I have been thinking a lot lately about how my own credo has changed over the 72+ years of my life.
As an oldest child growing up in a Baptist preacher's family, I learned all the lessons of my family's traditional faith embodied in the historic tales of the Old Testament and in the parables and undaunted courage of Jesus in the New Testament. My parents believed these stories were literally true and for a long time I didn't think otherwise.
With college, even at Baptist-supported Linfield College, came new perspectives and ways of interpreting the old stories. Out of respect for my parents, I didn't say much about these new ways of thinking, though I had extrapolated, from some of their messages to me about how to behave at college, that they were aware that my choices would now be my own, not subject to their parental norms.
Skipping over many decades now, as I've told those stories many times, I have arrived at a place where I must acknowledge that I am no longer a traditional Christian; I'm not sure I'm even a radical Christian any more because I see how ineffectual the shackles of Paulean Christianity have rendered my childhood (and adult) faith. Too many non-Jesusian items in the creeds of Christianity have moved me out of that category forever. I pick and choose among the recorded maxims of Jesus, as I have learned that they have been edited to reflect the values that some editor chose to highlight. What did Jesus really say? How can we possibly know?

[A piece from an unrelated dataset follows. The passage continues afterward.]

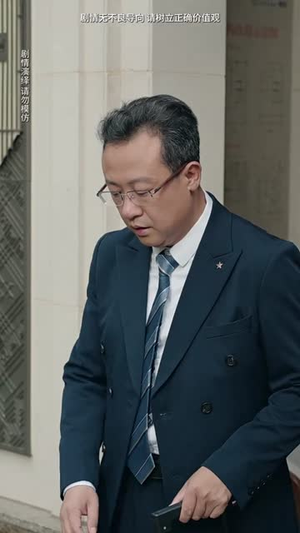 离家后方知我是心尖宠（60集）火爆短剧推荐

My reading of books and essays about early Christianity has convinced me that Jesus was not the meek and mild person portrayed in Sunday School. He was likely a member of the Zealot movement with a firm belief that revolution against Rome would bring about the Kingdom of God. He died as a criminal who threatened Rome. The idea that he died for humankind's sins is a conflation of old ideas about animal sacrifice and its appeal to the God(s). He died because he stood up for an ideal and was willing to be martyred for that ideal. He deliberately put himself in harm's way; Judas was a confederate in his martyrdom, knowingly or unknowingly.
My fascination with the mysterious and slowly revealed Universe has led me to an understanding of the Power beyond human power that is more like natural law than like a being who twiddles the marionette strings of humankind. There can be no such being. Natural law fulfills all the functions of that imaginary being and does so without prejudice; we are all subject to the whims of nature and cope as best we can, using gravity to strengthen our bodies and to make our inventions work, gazing at the heavens to look beyond what we know into what we don't know, treating one another with kindness because we have learned that kindness works.
And yet I pray.
I found this relic of a recent nighttime scribbling session in which I wrote: "I have made friends with the universe. I have always looked to connect with and befriend the most austere and sometimes unwelcoming beings I encounter, whether human or animal. I am curious about whether I can find a way into their crusty interior. This has had mixed success; sometimes that penchant for the unlovable has backfired and sometimes it has brought rewards. I've learned not to trust too far, that there are red flags I must respect. But it has been revelatory to apply this penchant to the merciless yet beautiful universe."
And I pray because the universe has proved to be a faithful and reliable yet mysterious friend, which sometimes lashes out---not because I am a bad person but because I have not recognized or prepared for the consequences of non-mindful living.
I pray as if I am in conversation with that friend, relating the events of my life, examining them for understanding of my own needs and obligations, saying thank you for the gifts of life, asking that I might find the strength within to cope with its challenges, and seeking to be a contributor to this life I've been given, to be useful, to be kind, to be a good person. All of these resources I call upon are within me; they are not outside of me. The universe, through natural law, shapes my externals; I have the capacity to shape the rest.